Task statement:
Leaving out every picture, transcribe the lines from the line that contains "A lightbulb with" to the end of the entries below, both ends included.

Content starts

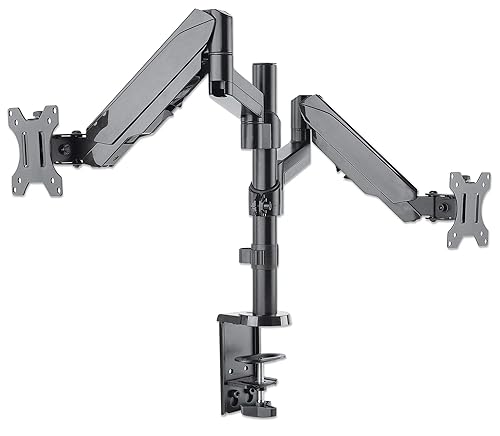 Manhattan Universal Gas Spring Dual Monitor Mount Two Gas-Spring Jointed Arms, Supports Two 17 to 32 TVs Or Monitors up to 8 Kg (17.64 Lbs.)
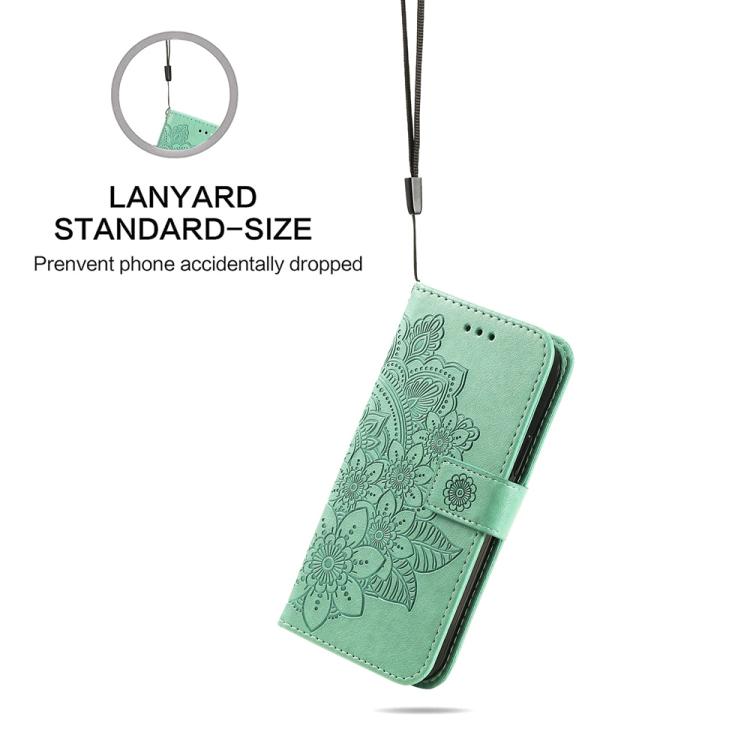 Funda de Cuero con Relieve de Flores de Siete Pétalos para OnePlus 13R Ace 5 Ace 5 Pro (Verde)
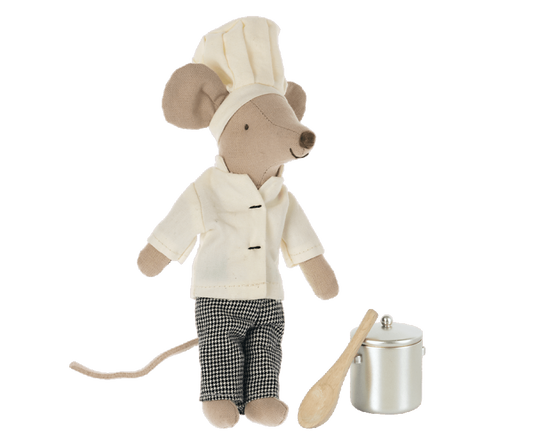 Maileg - Chef Mouse with Soup Pot and Spoon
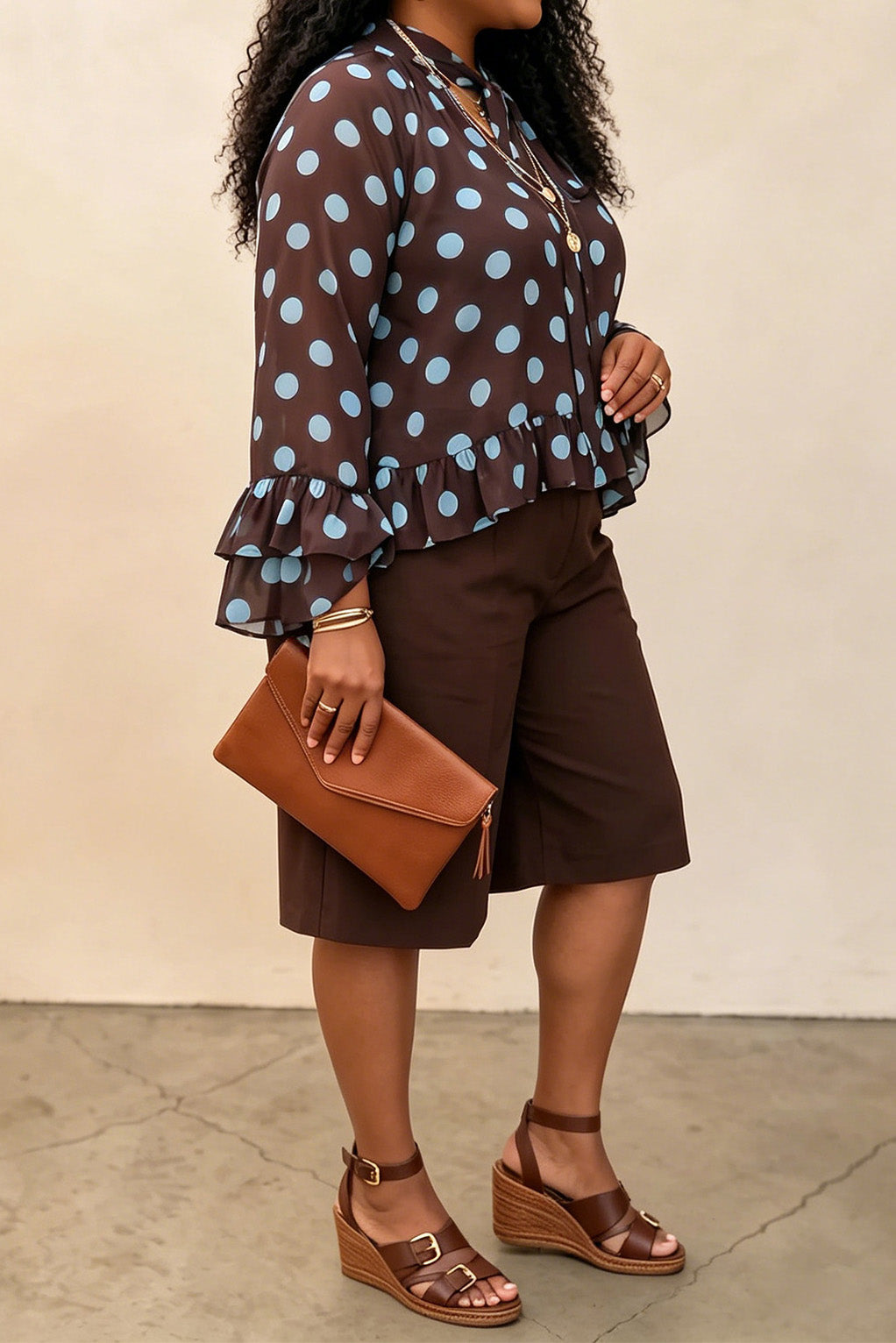 Plus Size Polka Dot Top & Capri Pants Set Lavish Daily
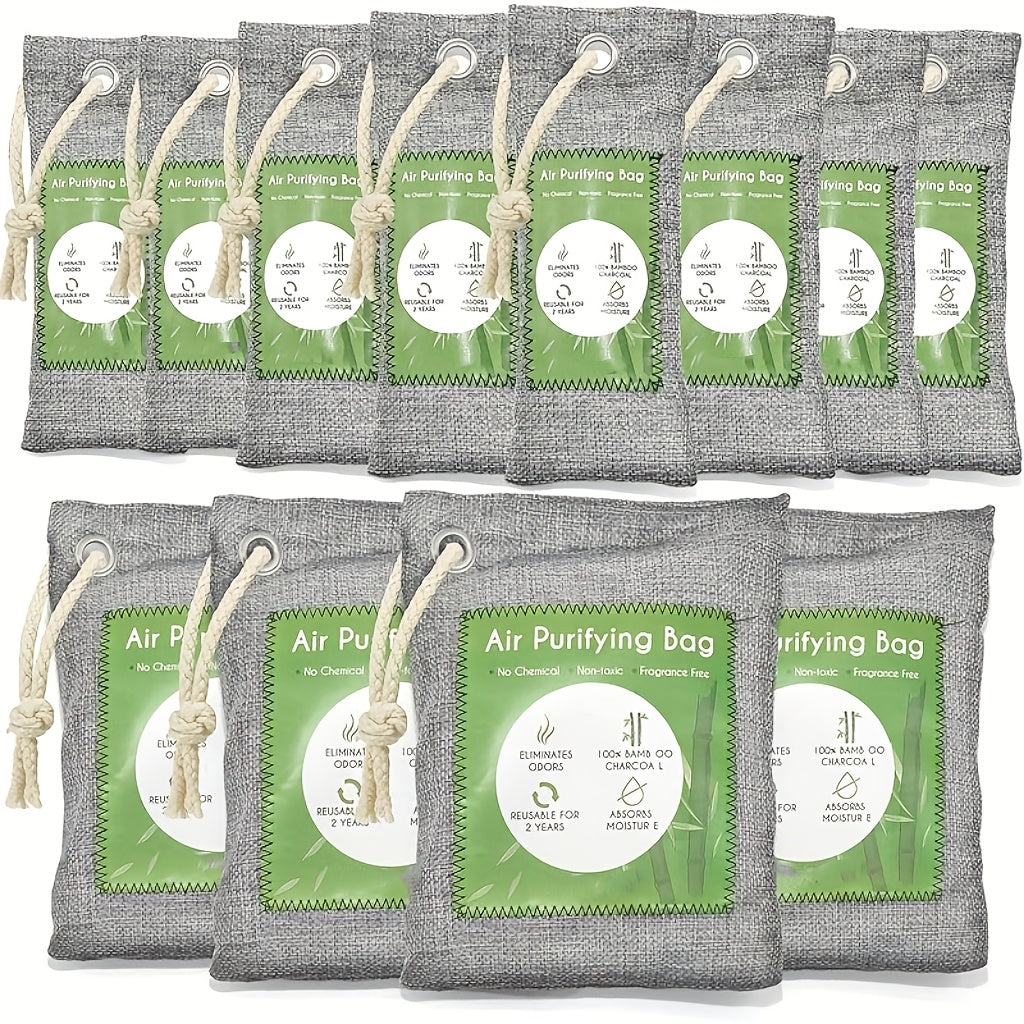 Bamboo Charcoal Air Purifying Bags Odor Absorber & Moisture Absorber Natural Activated for Entryways, Bedrooms and Living Spaces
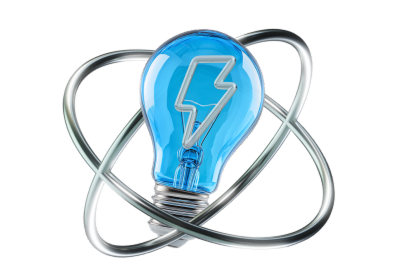 A lightbulb with an energy icon, surrounded by silver power channels.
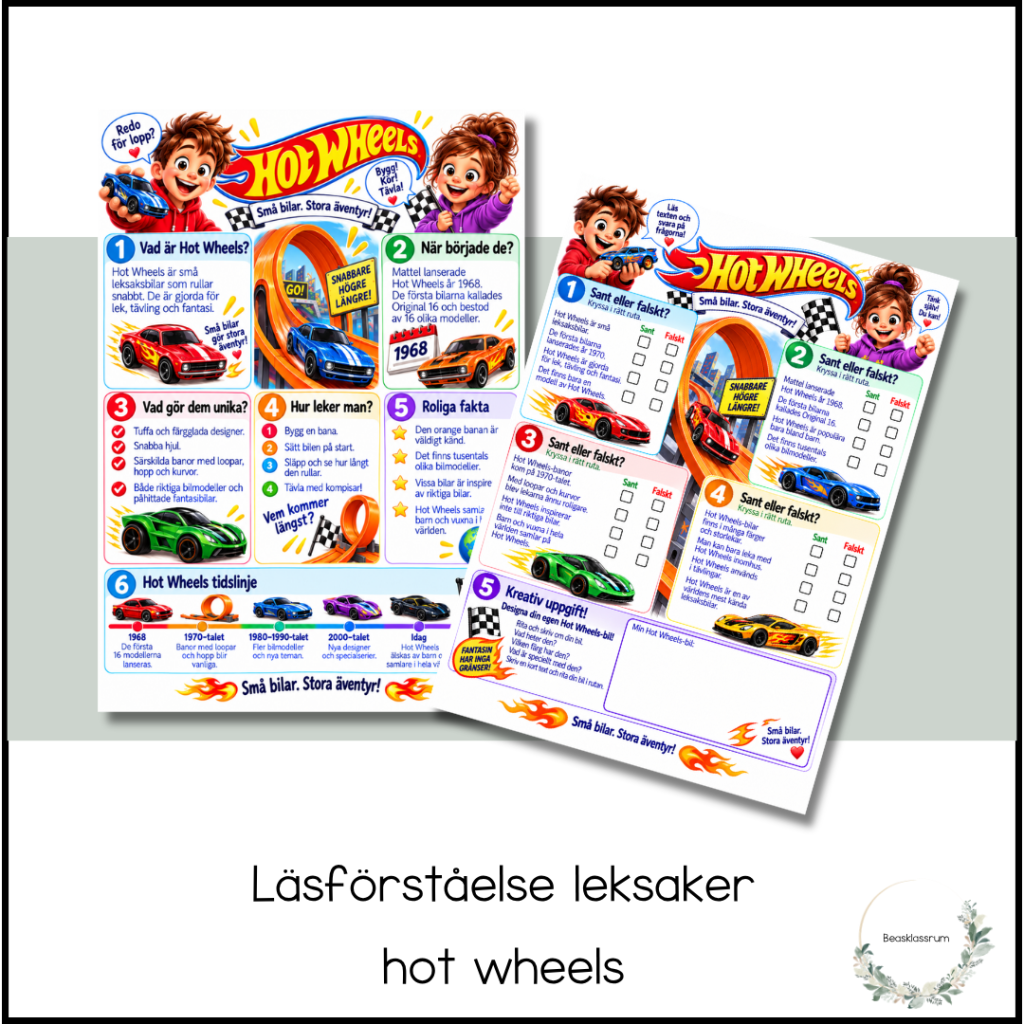 Läsförståelse leksaker – hot wheels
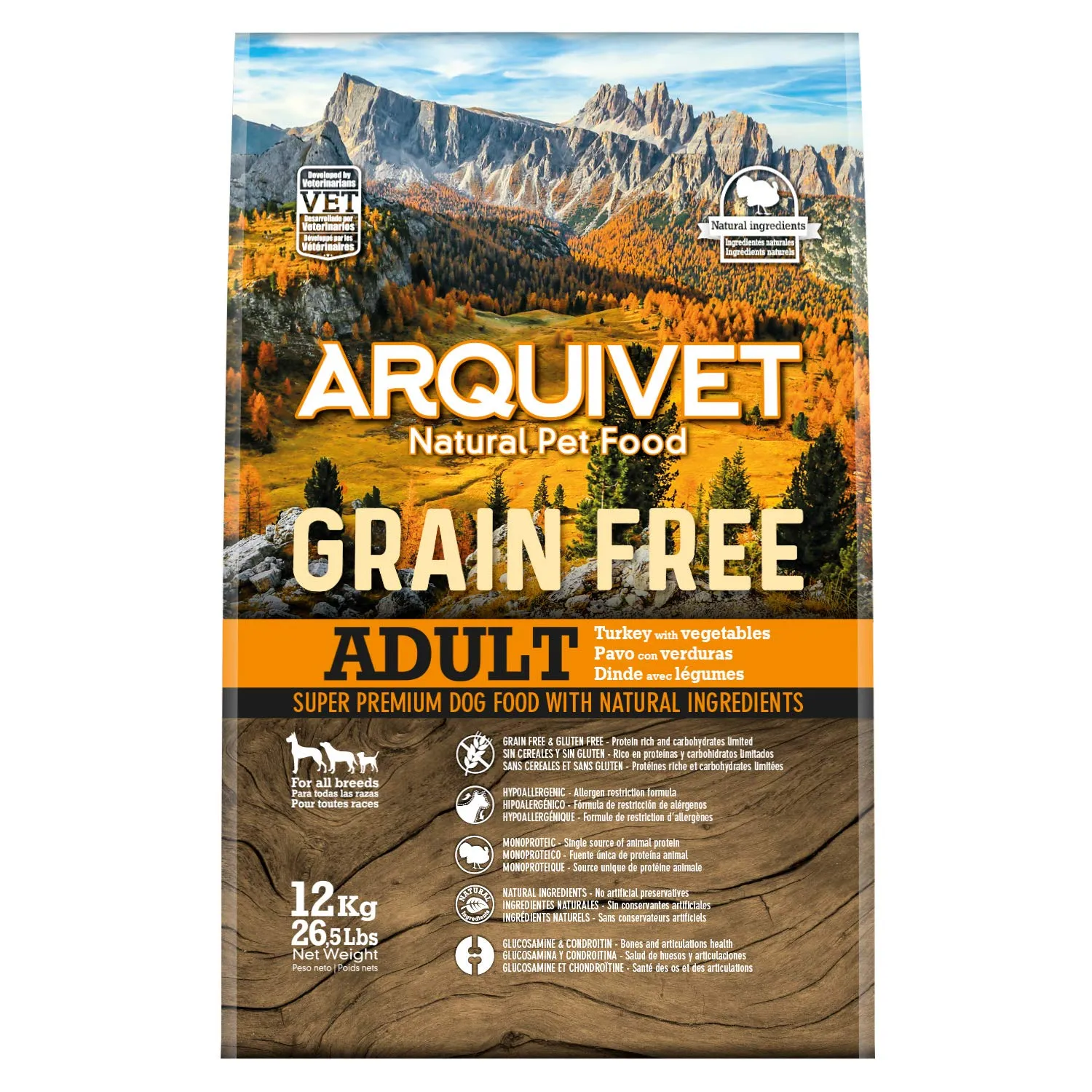 ARQUIVET - GRAIN FREE - Crocchette per cani adulti - Tacchino con verdure - 2 kg - immagine 2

Content ends

Task output:
 A lightbulb with an energy icon, surrounded by silver power channels.
 Läsförståelse leksaker – hot wheels
 ARQUIVET - GRAIN FREE - Crocchette per cani adulti - Tacchino con verdure - 2 kg - immagine 2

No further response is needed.